Daniel Bachmann, 29, aufgewachsen in Horgen, und nun seit Jahren Inventar der Zürcher Stadtkreise 3, 4 und 5, hat sich für sein Debütalbum für einen anderen Weg entschieden. Denn: Alles Andere hat er in den vergangen Jahren irgendwie schon ausprobiert. Erst das Herantasten und Experimentieren mit dem Album mit der Gruppe Linktiim im Jahr 2007, dann Mixtapes mit Geschichten unterhalb der Gürtellinie und abseits der Strassenlaternen, träfe Sprüche, rollende Reime.
In den letzten drei Jahren absolvierte er dann ein wahres Aufwärmtraining in Sachen Zürislang: Konzerte in jedem Keller, jedem Dachstock und jeder Bar – mal energetisch mit DJ, mal mit Elektropop-Duo, mal im Akustik-Trio dann mit fünfköpfiger Band. Dazu schüttelte er ein druckvolles Album zusammen mit Steezo unter dem Namen MDMA aus dem Ärmel und half die Mundart-Rap-Institution Temple of Speed mit zu errichten. Sagen wir es so: Skor – so sein Künstlername – hat massgeblich dazu beigetragen, dass Rap auf Schweizerdeutsch in den letzten Jahren endlich wieder aus seinem Dornröschenschlaf erwacht ist.
«...und Nachteil», das Album, das ihm die letzten fast drei Jahre auf der Seele brannte auf dem Magen lag, ist nun aber kein typischer ich-zeigs-euch-allen-Werk geworden. Die technischen Kabinettstückchen, das Geprahle und Getue, die «fetten» konventionellen Hip-Hop-Beats, hat er ganz einfach weggelassen. Zusammen mit Executive Producer Marton di Katz (u. a. Big Zis, Baze, Kalabrese) und etlichen musikalischen Kollaborateuren, ist in den letzten Monaten ein Album entstanden, das sich abgesehen von der Ehrlichkeit und dem Storytelling um herzlich wenig Konventionen schert.
Wir hören die Musik gewordenen Gedanken und Gefühle eines Endzwanzigers für den es noch nie einen Tellerrand gab, der irgendwas begrenzte. Da ist der kontemplative, dahinfliessende, leicht elektronisch angehauchte Groove von «Montauk», in dem Skor von seinem Verhältnis zu Zeit, Geld und Kunst berichtet und feststellt, dass es demjenigen zum weiblichen Geschlecht ähnelt.
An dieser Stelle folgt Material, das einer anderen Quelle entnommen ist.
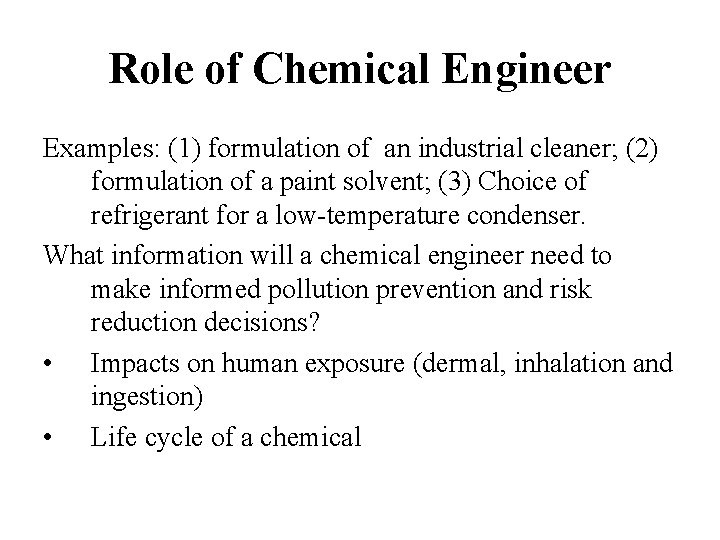Role of Chemical Engineer Examples: (1) formulation of an industrial cleaner; (2) formulation of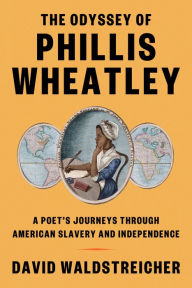 Free e books for downloads The Odyssey of Phillis Wheatley: A Poet's Journeys Through American Slavery and Independence (English literature)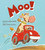 Moo! by David LaRochelle, Mike Wohnoutka, 9780802734099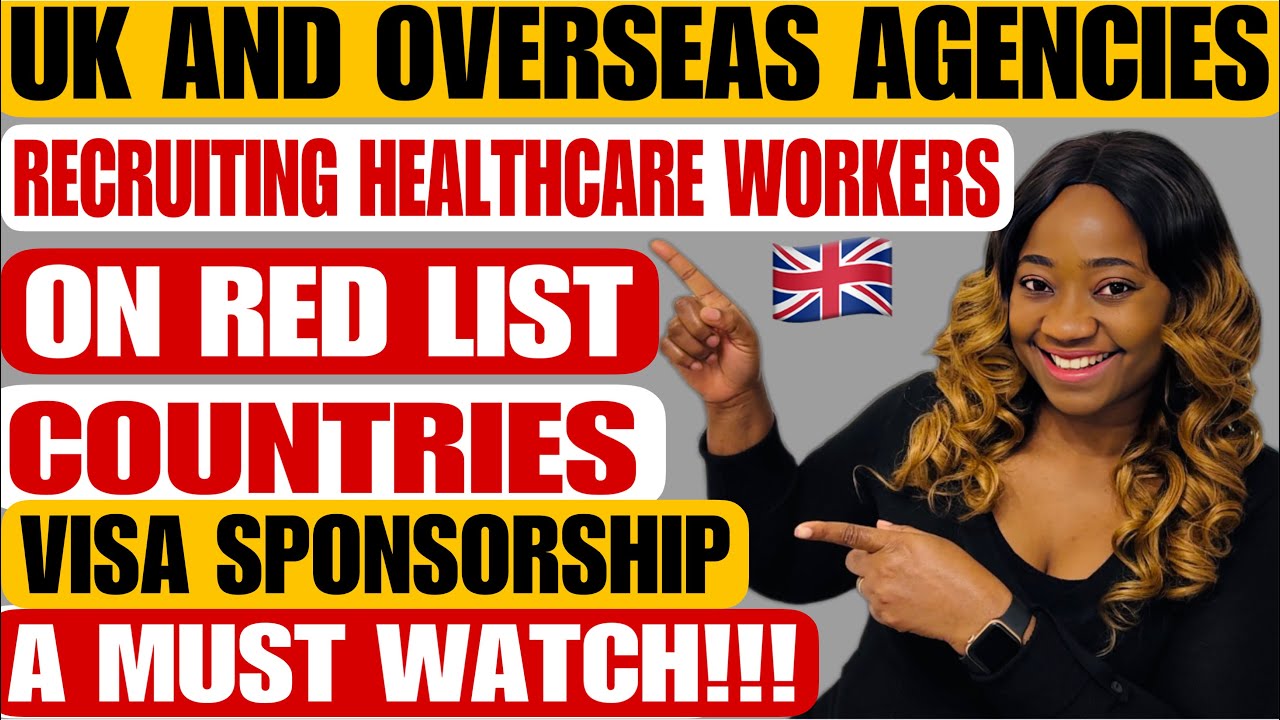 UK & OVERSEAS CARE AGENCIES RECRUITING HEALTHCARE WORKERS ON RED LIST COUNTRIES // VISA SPONSORSHIP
Da sind Songs über Schlaflosigkeit, über schmerzhaften Verlust, über sorglose Sonntagvormittage im Bett, über die Sehnsucht nach ein bisschen Zutraulichkeit. Nichts kommt einem verstiegen vor, nichts zu verschlungen. Die Musik dicht und schlüssig, zuweilen bluesig und melancholisch, die Reime auf den Punkt. Manchen Songs hört man die Distanz zur Schweiz und zu seinem Alltag als Kulturschaffender und seinem Job als Türsteher an der Langstrasse an, die Skor 2011 während einem sechsmonatigen Atelier-Aufenthalt in New York gewinnen konnte.
«Alles wird guet!» scheint sich Skor wie im Stück «Rundi uf mich» immer wieder zu sagen, während der Bass für einmal dick und funky dahinschlappt und der Beats sich öfters mal auf den Schlägen ausruht. Eine Stimmung, die den Ich-Erzähler immer wieder zum Singen verleitet. So ähnlich, wie es ein jeder tut, wenn er sich ausgelassen fühlt und unbeobachtet wähnt. Diese Form von Intimität kann dieses Album tatsächlich herstellen.
Das Album «...und Nachteil» von Skor erscheint am 7. Juni auf Bakara Music.